Data shown
━━━━━━
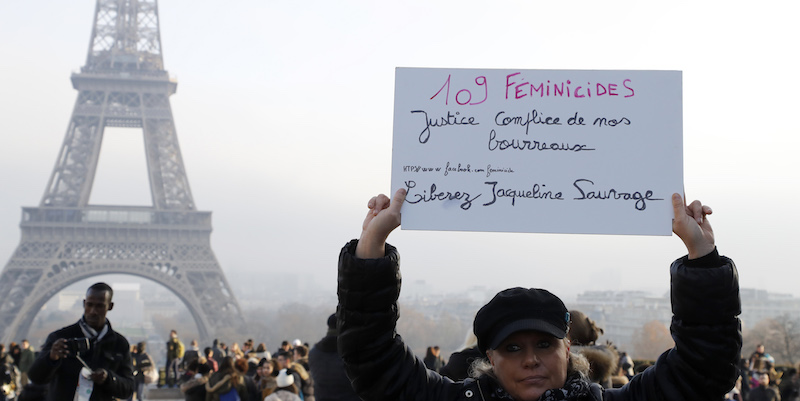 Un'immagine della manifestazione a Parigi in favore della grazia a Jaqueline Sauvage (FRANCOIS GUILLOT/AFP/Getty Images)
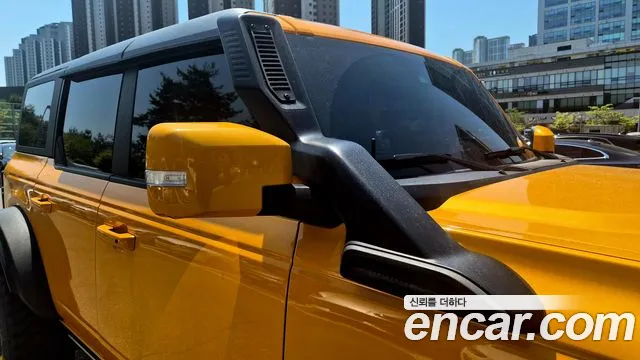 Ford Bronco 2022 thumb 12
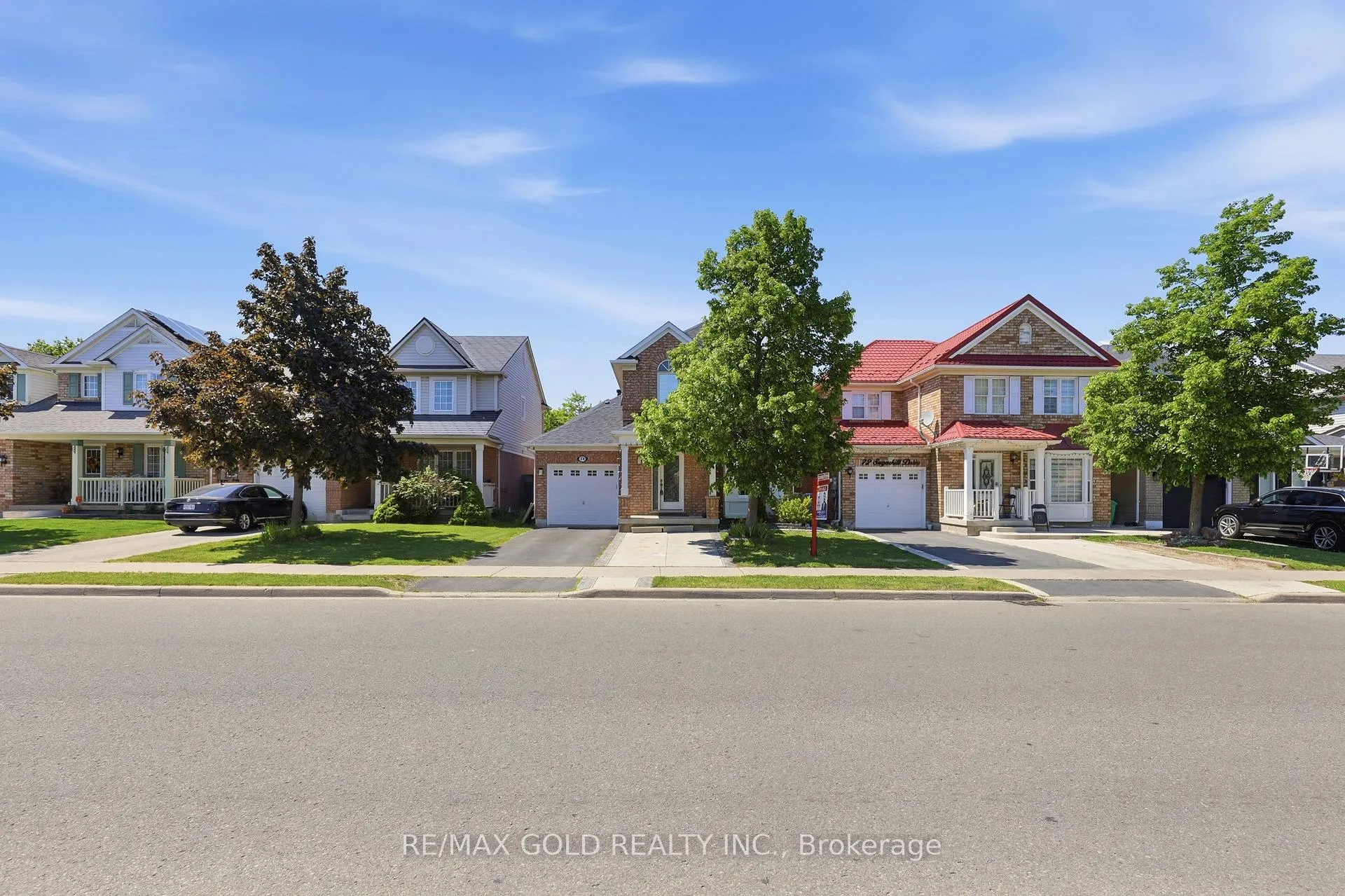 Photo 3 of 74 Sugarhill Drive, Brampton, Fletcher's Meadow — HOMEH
━━━━━━
What to work on
Beginning with the line that contains "Ford Bronco 2022 thumb 12" and ending with the final line of the material, reproduce those lines exactly and nothing else. Omit the pictures.

Task result
 Ford Bronco 2022 thumb 12
 Photo 3 of 74 Sugarhill Drive, Brampton, Fletcher's Meadow — HOMEH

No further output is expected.